Палагея Ивановна подходит к нему и на ухо, как можно громче объясняет, что вот Варвара от живого мужа за него, старика, замуж собирается.
– Да, да, – отвечает дедушка, – я еще старик здоровенный… здоровенный старик, только вот ноженьки плохо ходят… плохо, куда плохо ходят ноженьки…
Молодушки смеются пуще прежнего.
– А что, как торги, дедушка? – спрашивает свекровь, наклоняясь к самому уху старика.
– Плохо, сударыня, плохо! совсем ноне плохо стало; сам я вот недослышу что-то, а Палагеюшка у меня еще молода… Об ину пору так разнеможешься, словно и взаправду старость пришла. А пуще всего ноженьки! мозжат это, знаешь, мозжат, словно вот винтом тебе кость-ту винтит!
Трофим Николаевич подходит, пошатываясь, к дедушке и, наклонясь к его уху, хочет, вероятно, пожелать ему доброго здравия, но только икает и как-то неблаговидно сопит, что чрезвычайно смешит молодушек; дедушка же, почуяв носом сильный запах сивухи, пятится ближе к стене.
– Батюшка! Трофим Николаич доброго здоровья тебе желает! – кричит Палагея Ивановна и, обращаясь к приказному, прибавляет, – кушай, батюшка, кушай на здоровье!
– Ой ли! – шамкает старик, – а я было думал, что из суседнего кабака дверь отворилась… право-ну! А как-то ты, крыса приказная, век доживаешь, винцо попиваешь?
– С-с-с-лав-ва вввсе-ввышнему! – успевает, не без больших усилий, проговорить Трофим Николаич.
– Чего, чай, "слава всевышнему"! – замечает Иван Гаврилыч, – поди, чай, дня три не едал, почтенный! все на вине да на вине, а вино-то ведь хлебом заедать надо.
– Это п-п-правильно! – произносит Трофим Николаич.
– То-то! а еще благородный прозываешься!
– Да что ж вы-то, любезненький, ничего не прикушаете? – обращается ко мне Палагея Ивановна, – хошь бы тенерифцу пожаловали или вот орешками с молодушками позабавились! А может, вам и скучненько со стариками-то? Пожалуйте, барин, хошь в ту горницу: там наши молодухи сидят!

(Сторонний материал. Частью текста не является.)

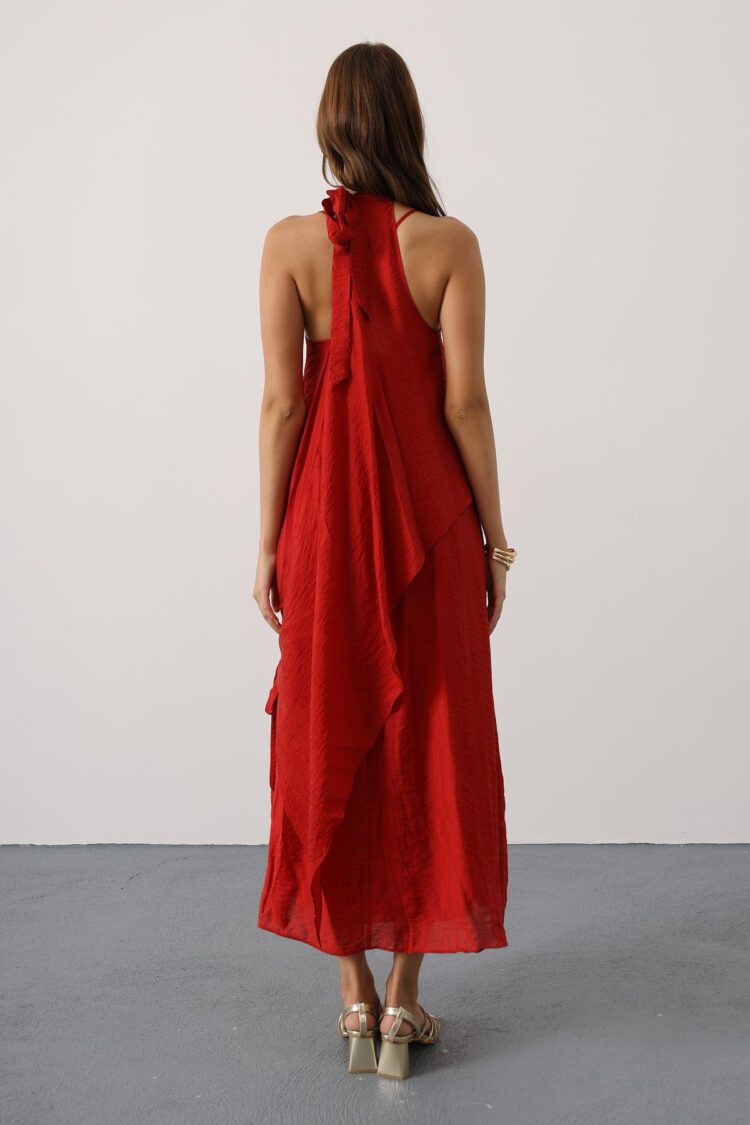 Slip Dress With Halter Neck And Cap Sleeves
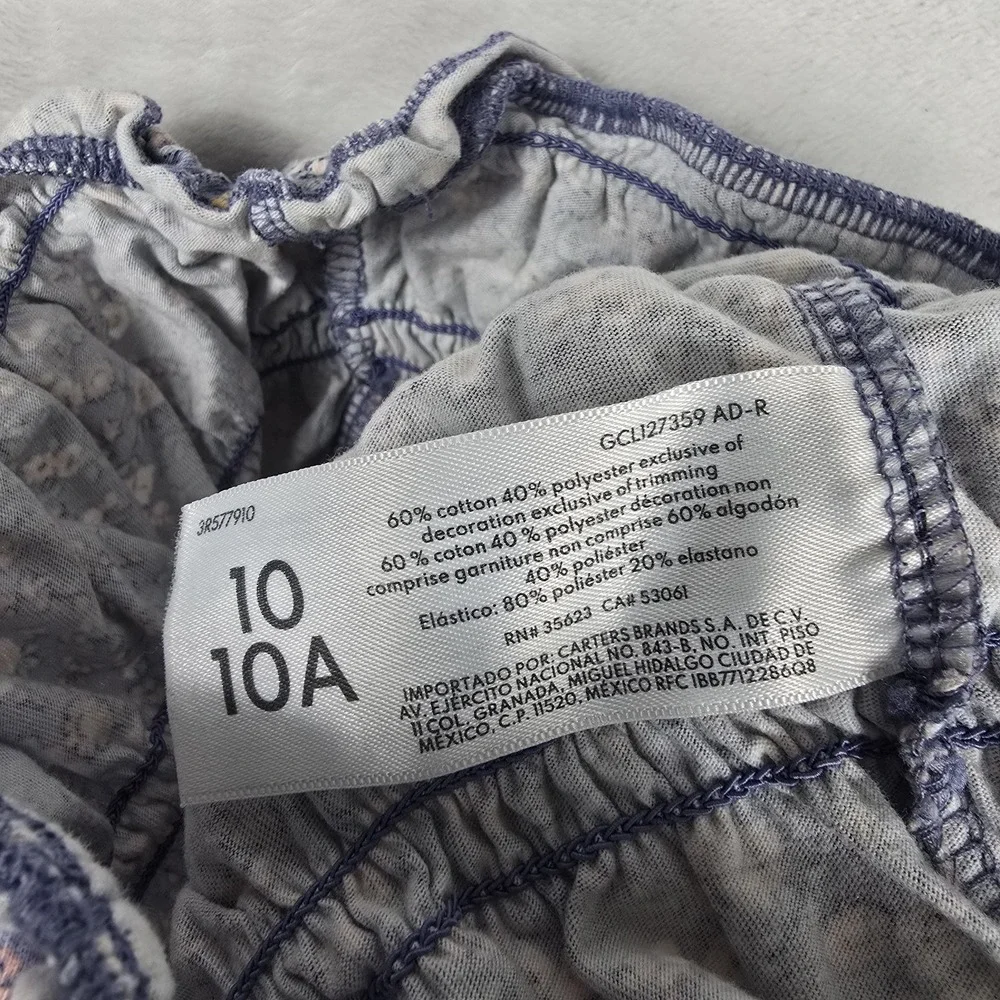 Oshkosh B'gosh Kid Girls Floral Print Smocked Shirt Size‎ 10 Purple
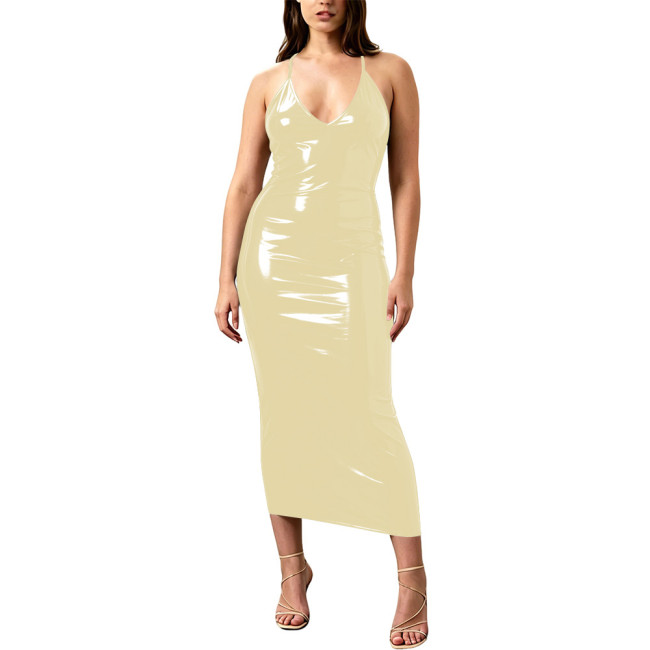 Sexy Vinyl PVC Leather Slip Dress Women Elegant Cross Back Zipper Midi Dresses Summer V Neck Spaghetti Straps Party Gown Vestido
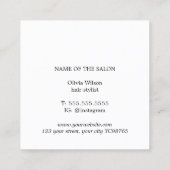 パステルエレガントクミニマルブラックシザーズヘアスタイリスト スクエア名刺 (裏面)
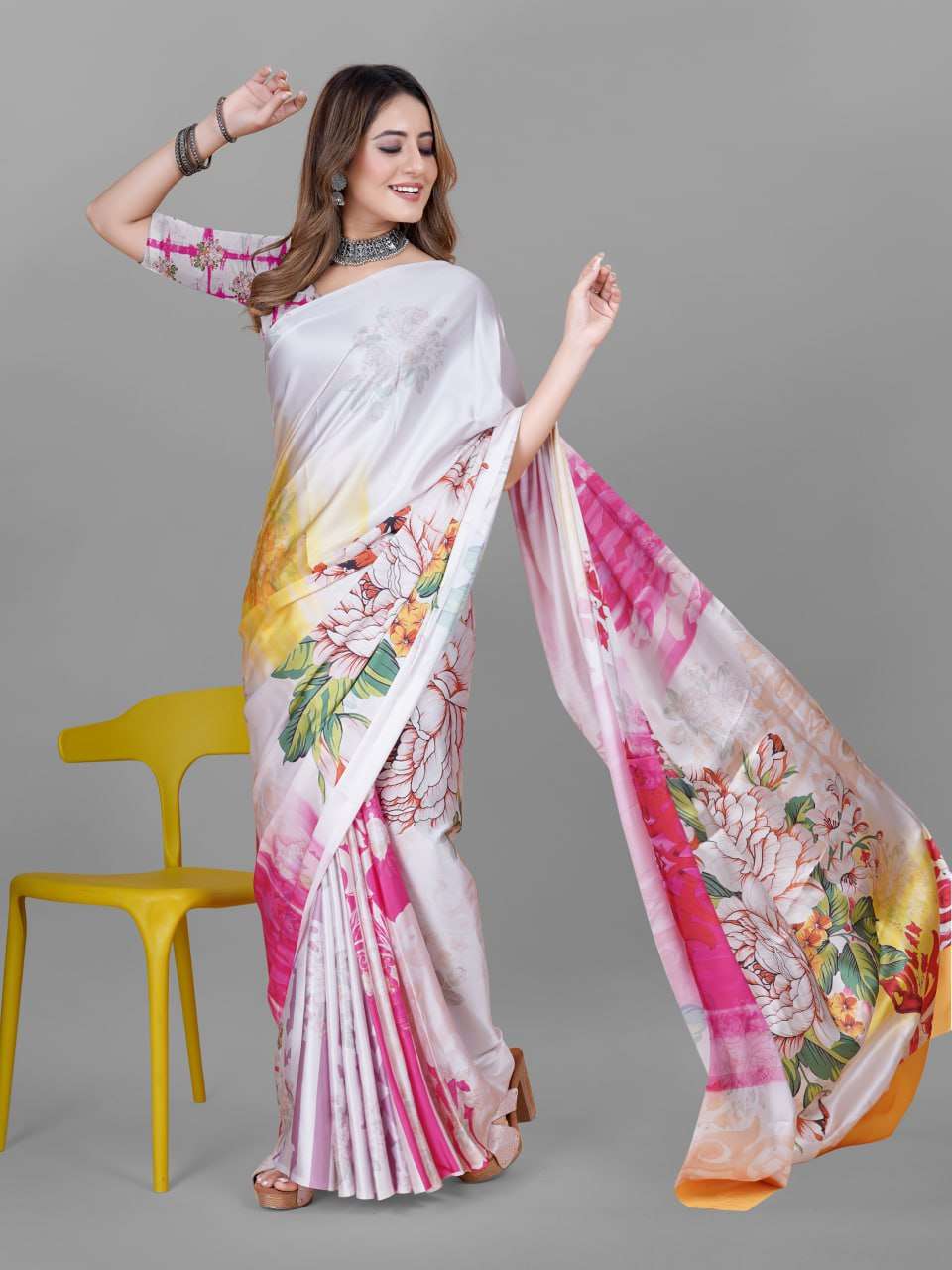 YNF CREPE SRRT JAPAN CRAPE5 SAREES WHOLESALE PRINTED LADIES CREPE SATIN SAREES MANUFACTURER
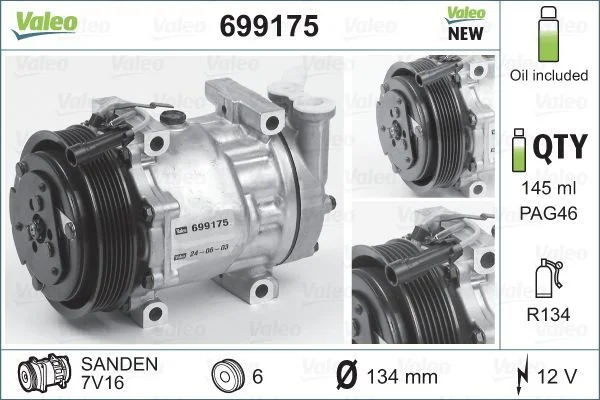Compressor, ar condicionado VALEO 699175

Я выхожу в другую комнату, но и там мне не весело. Есть какой-то скверный червяк, который сосет мою грудь и мешает предаваться общему веселью. Я сижу с четверть часа еще и ухожу от Палагеи Ивановны.
Уж два часа; на улицах заметно менее движения, но, около ворот везде собираются группы купчих и мещанок, уже пообедавших и вышедших на вольный воздух в праздничных нарядах. Песен не слыхать, потому что в такой большой праздник петь грех; видно, что все что ни есть перед вашими глазами предается не столько веселию, сколько отдохновению и какой-то счастливой беззаботности.
– Что вы всё одни да одни! зайдите хоть к нам, отобедаем вместе! – говорит мне мой искреннейший друг, Василий Николаич Проймин [52], тот самый, которому помещик Буеракин в великую заслугу ставит его наивное "хоть куда!".[97]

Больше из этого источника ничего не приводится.